Le bilan de PROPARCO s’élève à 2 Md€, contre 1.6 Md€ en 2008. Les résultats financiers de PROPARCO ont atteint 24 M€ en 2009 (contre 21 M€ en 2008).
« La croissance des résultats financiers de PROPARCO et des impacts mesurés des projets financés font en 2009 une nouvelle fois la démonstration de la justesse d’un modèle économique qui consiste à financer, sur le long terme, le secteur privé des économies en développement. », commente Luc Rigouzzo
Concrètement, PROPARCO a notamment financé la création d’une banque en RDC et le développement d’un réseau bancaire est-africain, l’entrée en bourse d’une société agro-industrielle au Cameroun, la construction d’une usine de dessalement en Namibie, le développement d’un réseau de télécommunication au Nigéria, un nouvel aéroport international en Tunisie, la flotte d’une compagnie aérienne en Afrique de l’Ouest, le port de Djibouti, l’alimentation en l’eau de la ville d’Amman en Jordanie ou l’accès à l’énergie hydroélectrique au Pakistan.
A noter également que 30% des projets financés ont contribué à la lutte contre le changement climatique.
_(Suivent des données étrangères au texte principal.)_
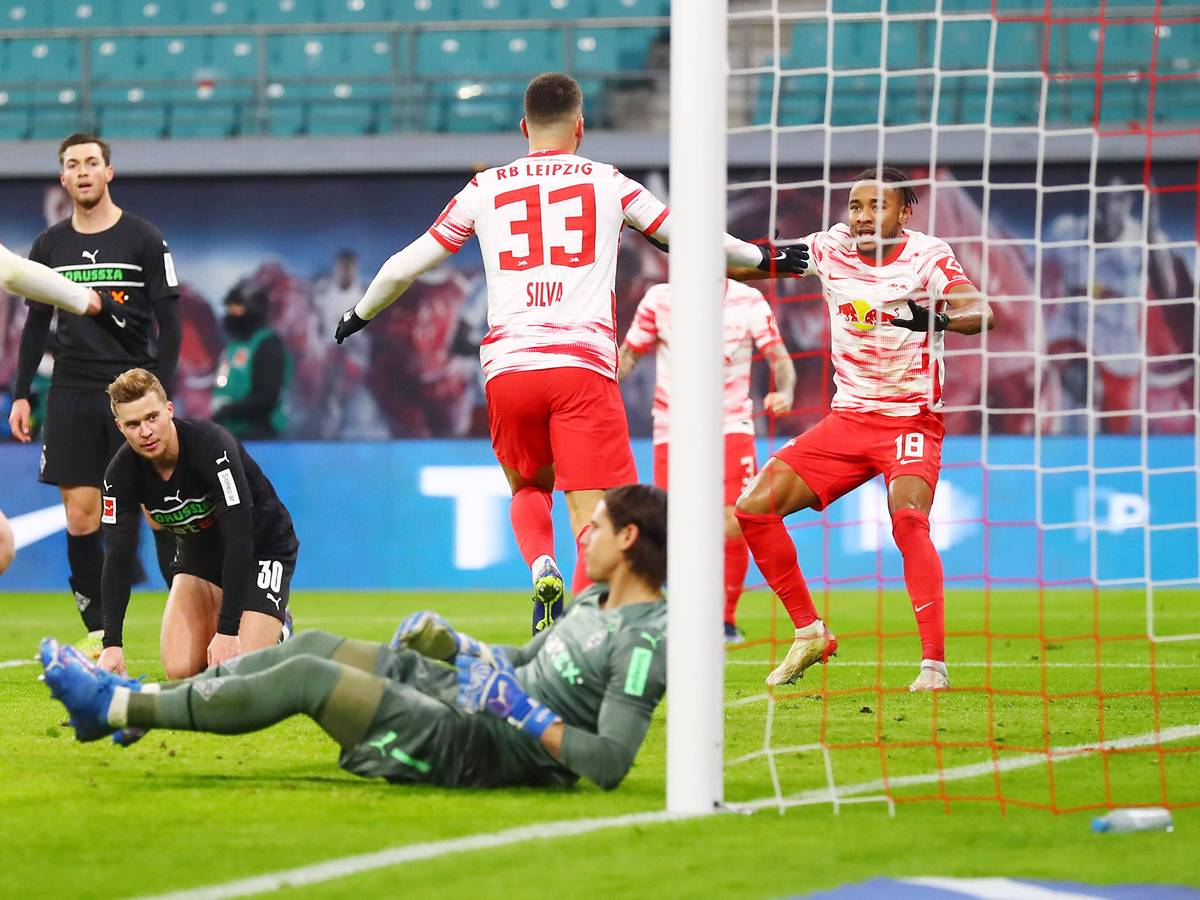 Der Ball liegt im Gladbacher Tor, die Spieler von RB jubeln, die Fohlen hingegen sind am Boden. Eine Szene aus dem Bundesliga-Duell zwischen Leipzig und Mönchengladbach am 11. Dezember 2021. Yann Sommer und Nico Elvedi sind geschlagen.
C’est le cas des lignes de crédit proposées aux banques brésilienne, turque et indienne pour le financement de projets environnementaux ou encore des projets de biomasse en Chine, de bioéthanol et cogénération au Guatemala.
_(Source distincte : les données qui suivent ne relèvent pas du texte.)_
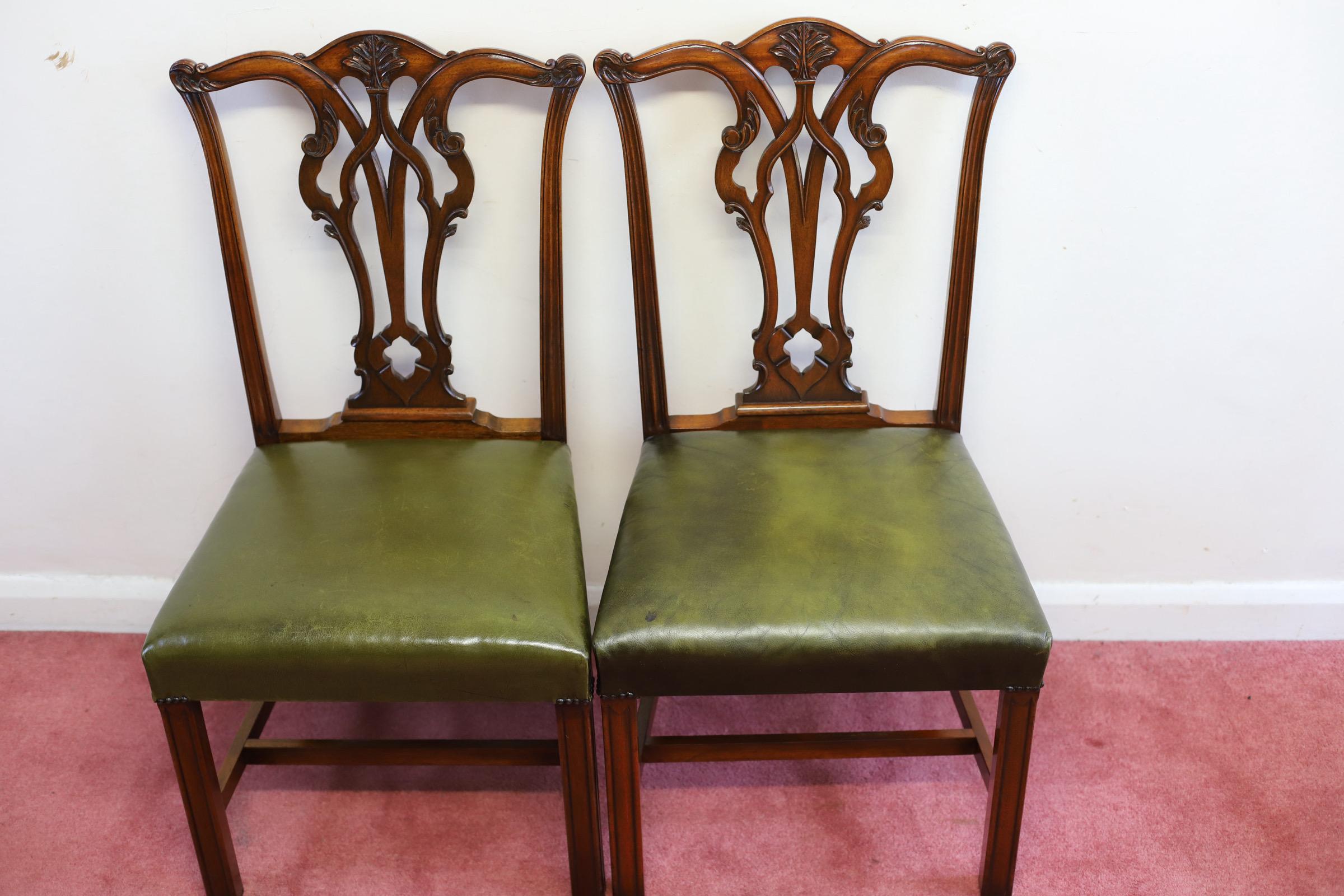 Cuir Magnifique ensemble de dix pièces de style Chippendale  Noyer  Chaises de salle à manger en vente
Pour s’assurer de l’efficacité de son action, PROPARCO mesure systématiquement l’impact de ses financements. Les financements et cofinancements de PROPARCO en 2009 contribueront ainsi à :
- Raccorder 55 000 personnes à un réseau de distribution d’électricité
- Connecter 6 millions de personnes à un réseau de télécommunications
- Accompagner le développement de 110 000 entreprises
- Sécuriser ou créer 815 000 emplois
- Réduire les émissions de gaz à effet de serre de 2,2 millions de Teq Co2 par an
- Soutenir 4 000 entreprises dans une démarche RSE
- Contribuer aux revenus des Etats à hauteur de 1,380 Md€ par an
Ouverture de son champ géographique d’intervention : PROPARCO désormais présente sur quatre continents
2009 a été marquée par l’extension de la zone d’intervention de PROPARCO. A la suite du G8 d’octobre 2008, où il a été demandé de recourir au maximum aux agences bilatérales pour contribuer à la relance globale, le Conseil d’Administration de PROPARCO a levé la restriction du mandat de PROPARCO dans les pays émergents (Brésil, Chine, Inde, Indonésie, Thaïlande, Pakistan) et a ouvert le champ géographique de son activité à l’ensemble des pays en développement (en Amérique Latine, en Europe Orientale, Balkans…).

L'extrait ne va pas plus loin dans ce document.